Ника: Добрый день. Как всегда по будням в это время в эфире программа «Открытая студия». Как всегда мы приветствуем вас в прямом эфире в нашей знаменитой Открытой студии в центре Петербурга. Мы хотим поговорить сегодня о современном искусстве.

В нашей беседе принимают участие: Владимир Александрович Гусев – директор Государственного Русского Музея и директор Государственного центра современного искусства (Москва) - Михаил Борисович Миндлин.

Гусев Владимир Александрович: Если вы думаете, что я вам скажу, что такое хорошо и что такое плохо, я вас разочарую: я и сам часто не знаю. Мне бы кто посоветовал. Что касается показанного в сюжете эксперимента, во-первых, так: чем больше людей будут брать кисточку и мазать красками, а не брать автомат или нож, или бутылку – тем лучше. Если это нравится, пусть это продаётся, пусть покупают. Что касается самого эксперимента, вот любой из находящихся здесь в студии может взять лист бумаги, нарисовать на нём квадрат и закрасить его чёрной краской. Но ни о ком из нас не будут 100 лет спустя говорить, что вот Ника Стрижак нарисовала чёрный квадрат, а о Малевиче мы говорим до сих пор. И ругаемся, и спорим, и уже смеёмся, он уже стал классиком. Значит, очевидно, человек почувствовал нерв времени, сумасшествие времени, в нужный момент понял, что можно сделать чёрный квадрат. Не для рынка, и он остался навсегда. И до сих пор мы говорим, треугольник, круг, ну что тут сложного, геометрические фигуры, но, тем не менее, мы говорим уже 100 лет, и ещё долго будем говорить. Искусство – оно такое, какой мир, какое общество. Если есть мишка наизнанку, мне бы не хотелось, чтобы дети видели многое из того, что просто я вижу, когда иду по улице или когда смотрю телевизор. Не потому, что журналистика плохая, потому что мир такой. Мир становится вывернутым наизнанку, страшно.

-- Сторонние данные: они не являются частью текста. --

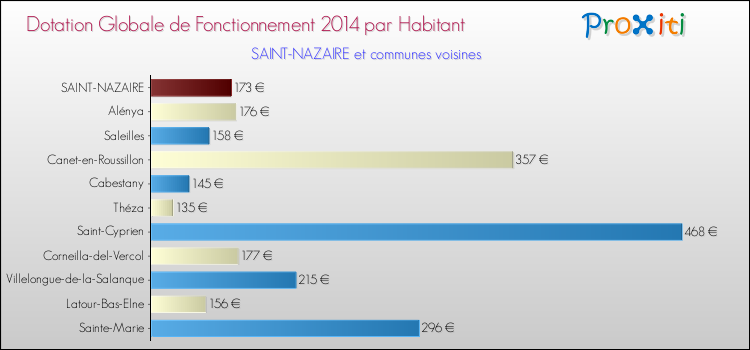 Montant des dotations globales de fonctionnement DGF par Habitant pour SAINT-NAZAIRE et les communes proches en 2014. Comparaison des des dotations globales de fonctionnement DGF par habitant pour SAINT-NAZAIRE et les communes voisines en 2014.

Миндлин Михаил Борисович: Мы до определённой степени, конечно же, внушаемы. Но на самом деле искусство, как ни странно, это то, что определяет наш быт, нашу социальную среду, формирует эту среду. Нам кажется, что это что-то такое, не имеющее отношения к жизни, но на самом деле это не совсем так. Мы не понимаем, что потом оно проникает в дизайн интерьеров, дизайн автомобилей, дизайн одежды, дизайн осветительных приборов. Перечислять можно до бесконечности. Современное искусство выполняет чрезвычайно важную социальную функцию на мой взгляд.

Ника: Нам внушали, что искусство создают особые люди, которые что-то особое знают.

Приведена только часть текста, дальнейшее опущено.